Shenzhen Branch, Guangdong Laboratory of Lingnan Modern Agriculture, Genome Analysis Laboratory of the Ministry of Agriculture and Rural Affairs, Agricultural Genomics Institute at Shenzhen, Chinese Academy of Agricultural Sciences, Shenzhen, China.
Umeå Plant Science Center, Department of Forestry Genetics and Plant Physiology, Swedish University of Agricultural Sciences, Umeå, Sweden.
Nature. 2022 Jun;606(7914):527-534. doi: 10.1038/s41586-022-04808-9. Epub 2022 Jun 8.
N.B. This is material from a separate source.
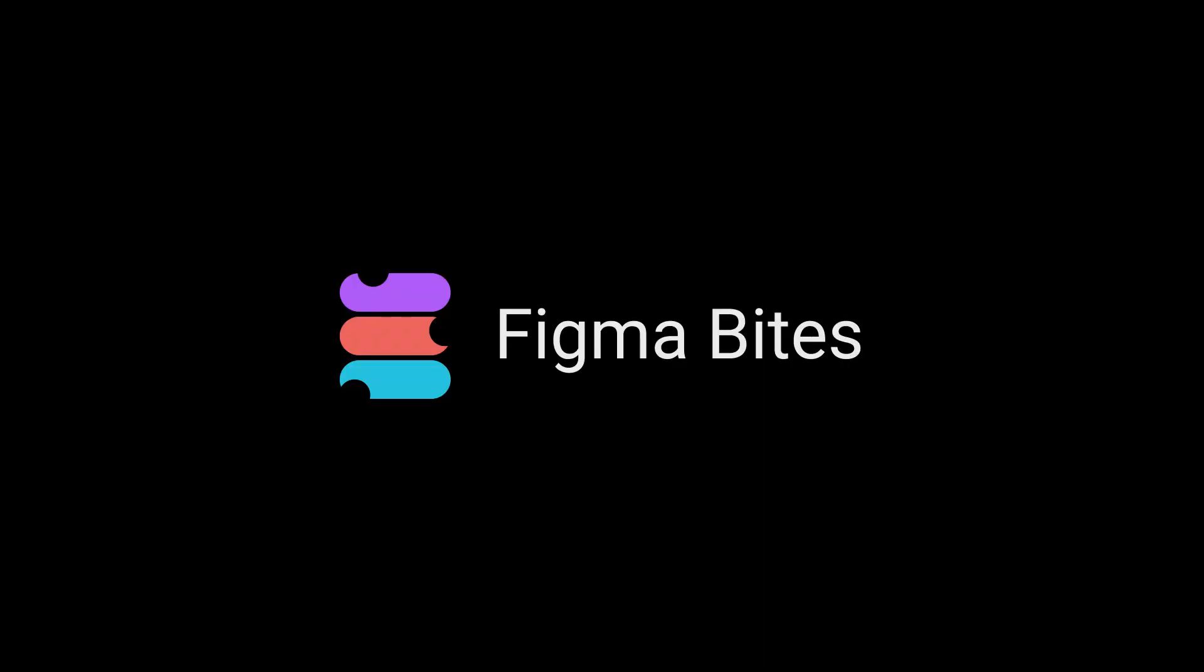Well, there's your Figma variable best practices. I hope this Figma Byte helps you build a victoriously variable vernacular. Thanks for watching.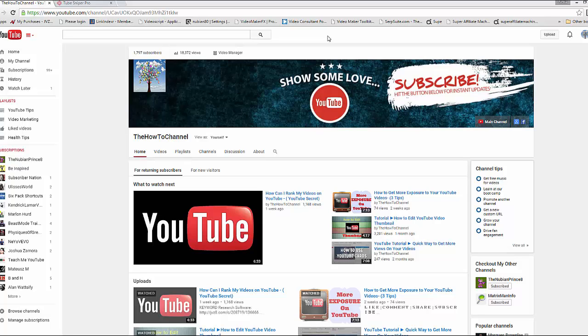Hey everyone, welcome back to the How To channel. In this video I want to show you how you can get access to your YouTube comments and also how you can reply to them as well.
Missing heritability in genome-wide association studies defines a major problem in genetic analyses of complex biological traits. The solution to this problem is to identify all causal genetic variants and to measure their individual contributions. Here we report a graph pangenome of tomato constructed by precisely cataloguing more than 19 million variants from 838 genomes, including 32 new reference-level genome assemblies. This graph pangenome was used for genome-wide association study analyses and heritability estimation of 20,323 gene-expression and metabolite traits. The average estimated trait heritability is 0.41 compared with 0.33 when using the single linear reference genome. This 24% increase in estimated heritability is largely due to resolving incomplete linkage disequilibrium through the inclusion of additional causal structural variants identified using the graph pangenome. Moreover, by resolving allelic and locus heterogeneity, structural variants improve the power to identify genetic factors underlying agronomically important traits leading to, for example, the identification of two new genes potentially contributing to soluble solid content. The newly identified structural variants will facilitate genetic improvement of tomato through both marker-assisted selection and genomic selection. Our study advances the understanding of the heritability of complex traits and demonstrates the power of the graph pangenome in crop breeding.
全基因组关联研究中缺失的遗传力定义了遗传分析复杂生物性状的主要问题。解决这个问题的方法是识别所有的因果遗传变异,并测量它们的个体贡献。在这里,我们报告了一个番茄的图谱泛基因组,该图谱通过精确地编目了来自 838 个基因组的超过 1900 万个变异,包括 32 个新的参考水平基因组组装。该图谱泛基因组被用于 20323 个基因表达和代谢性状的全基因组关联研究分析和遗传力估计。与使用单一线性参考基因组相比,平均估计性状遗传力为 0.41。这种 24%的遗传力估计增加主要是由于通过包含使用图谱泛基因组识别的额外因果结构变异来解决不完全连锁不平衡。此外,通过解决等位基因和基因座异质性,结构变异提高了识别对农业重要性状有潜在遗传因素的能力,例如,确定了两个可能有助于可溶性固形物含量的新基因。新鉴定的结构变异将通过标记辅助选择和基因组选择促进番茄的遗传改良。我们的研究推进了对复杂性状遗传力的理解,并展示了图谱泛基因组在作物育种中的强大功能。